- **DIRECTIONS**
Return each line of the records below in which the string "Live" turns up.

Caption-style text data:

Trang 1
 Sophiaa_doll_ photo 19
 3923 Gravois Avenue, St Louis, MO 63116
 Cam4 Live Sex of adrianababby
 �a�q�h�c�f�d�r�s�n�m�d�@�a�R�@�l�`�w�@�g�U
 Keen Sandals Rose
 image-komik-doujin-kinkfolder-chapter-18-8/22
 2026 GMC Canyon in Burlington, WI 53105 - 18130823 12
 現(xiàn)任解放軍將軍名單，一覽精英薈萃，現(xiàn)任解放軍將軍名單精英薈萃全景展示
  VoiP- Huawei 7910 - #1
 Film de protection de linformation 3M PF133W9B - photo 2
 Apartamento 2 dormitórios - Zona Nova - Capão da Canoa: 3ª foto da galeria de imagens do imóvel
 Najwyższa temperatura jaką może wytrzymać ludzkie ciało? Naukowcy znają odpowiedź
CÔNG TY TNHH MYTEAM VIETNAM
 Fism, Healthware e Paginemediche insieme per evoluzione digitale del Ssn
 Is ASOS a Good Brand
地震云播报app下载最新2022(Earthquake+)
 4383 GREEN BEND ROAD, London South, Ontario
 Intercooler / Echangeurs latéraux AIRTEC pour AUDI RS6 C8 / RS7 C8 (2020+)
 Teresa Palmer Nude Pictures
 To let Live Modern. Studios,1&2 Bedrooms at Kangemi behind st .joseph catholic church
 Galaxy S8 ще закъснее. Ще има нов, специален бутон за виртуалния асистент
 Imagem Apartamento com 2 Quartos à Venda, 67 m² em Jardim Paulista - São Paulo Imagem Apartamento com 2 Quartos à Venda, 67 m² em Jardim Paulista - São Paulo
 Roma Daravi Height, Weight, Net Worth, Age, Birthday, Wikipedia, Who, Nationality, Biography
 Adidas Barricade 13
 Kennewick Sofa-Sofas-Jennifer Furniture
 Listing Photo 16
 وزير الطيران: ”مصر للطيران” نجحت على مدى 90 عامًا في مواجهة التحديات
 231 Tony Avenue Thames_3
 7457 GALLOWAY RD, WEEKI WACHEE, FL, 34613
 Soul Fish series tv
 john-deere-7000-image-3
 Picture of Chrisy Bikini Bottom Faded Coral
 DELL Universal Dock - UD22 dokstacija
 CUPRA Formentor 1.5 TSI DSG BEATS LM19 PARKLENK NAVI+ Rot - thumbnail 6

- **WRITTEN ANSWER**
 Cam4 Live Sex of adrianababby
 To let Live Modern. Studios,1&2 Bedrooms at Kangemi behind st .joseph catholic church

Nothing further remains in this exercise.